RECORD EXCERPTS:
────────
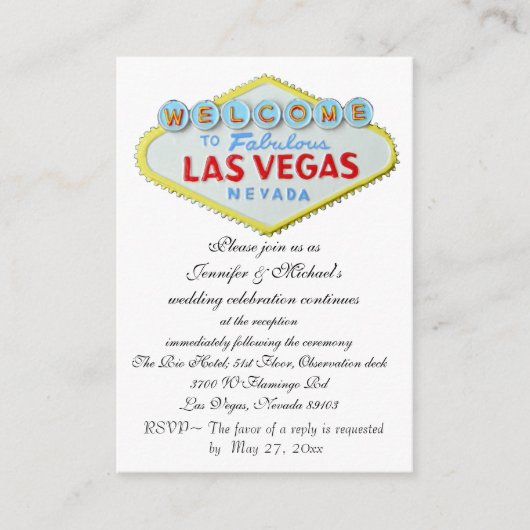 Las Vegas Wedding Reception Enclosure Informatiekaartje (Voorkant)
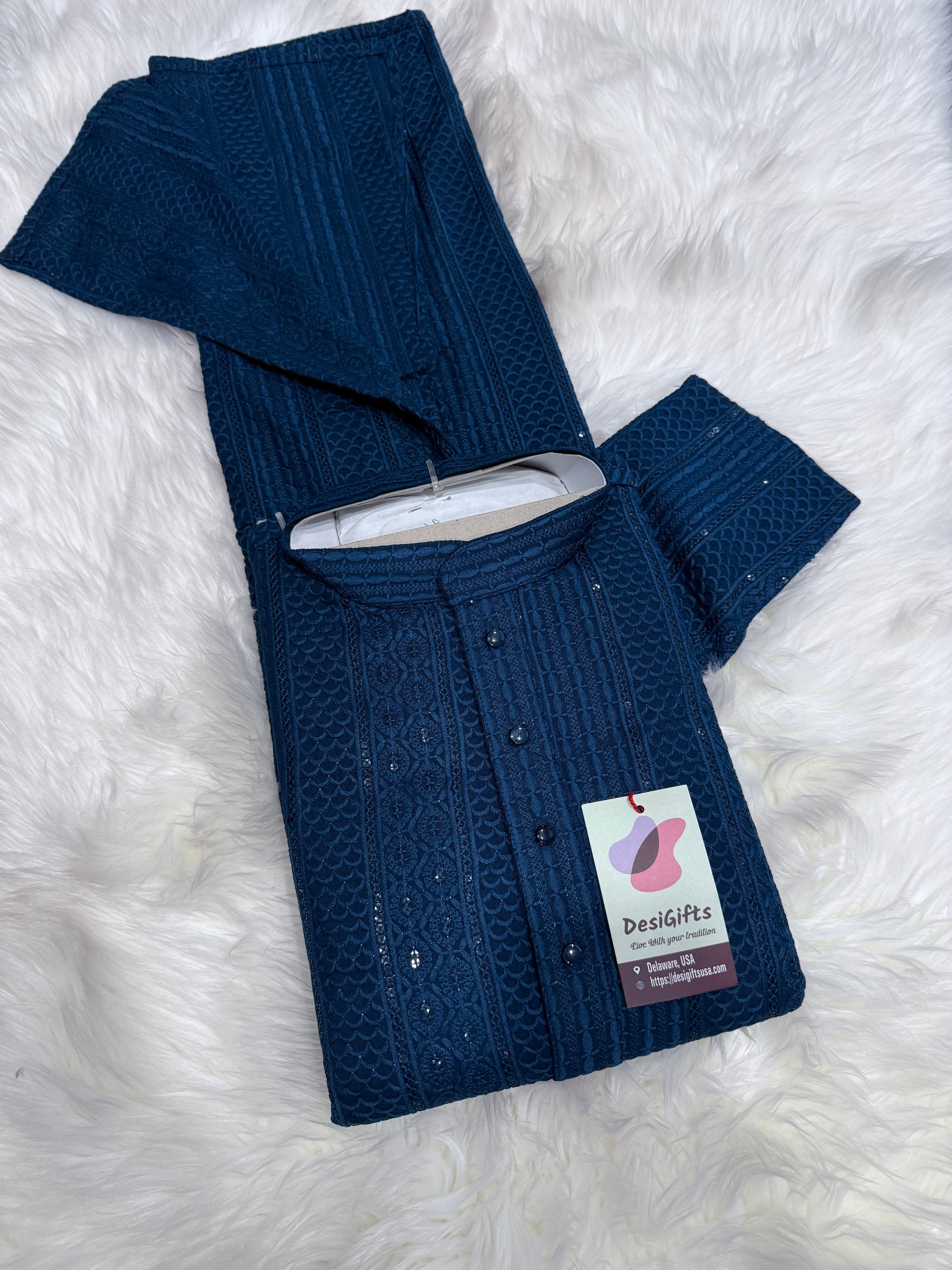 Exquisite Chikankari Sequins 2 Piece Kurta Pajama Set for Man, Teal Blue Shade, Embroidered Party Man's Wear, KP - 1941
────────
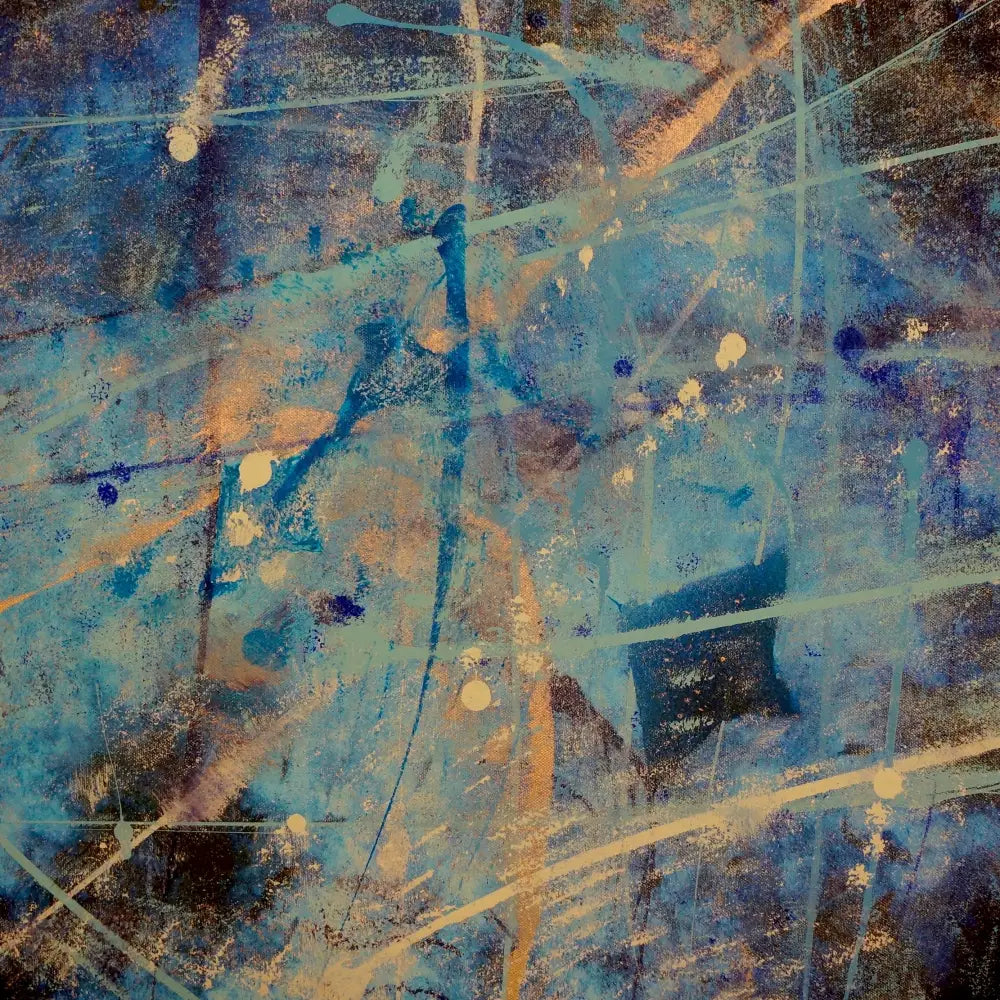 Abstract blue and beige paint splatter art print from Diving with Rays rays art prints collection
────────
EXERCISE DESCRIPTION: Above, find the line with "Las Vegas Wedding"; copy it and every line down to the line with "Exquisite Chikankari Sequins", exactly and both included, but no pictures.

EXERCISE SOLUTION:
 Las Vegas Wedding Reception Enclosure Informatiekaartje (Voorkant)
 Exquisite Chikankari Sequins 2 Piece Kurta Pajama Set for Man, Teal Blue Shade, Embroidered Party Man's Wear, KP - 1941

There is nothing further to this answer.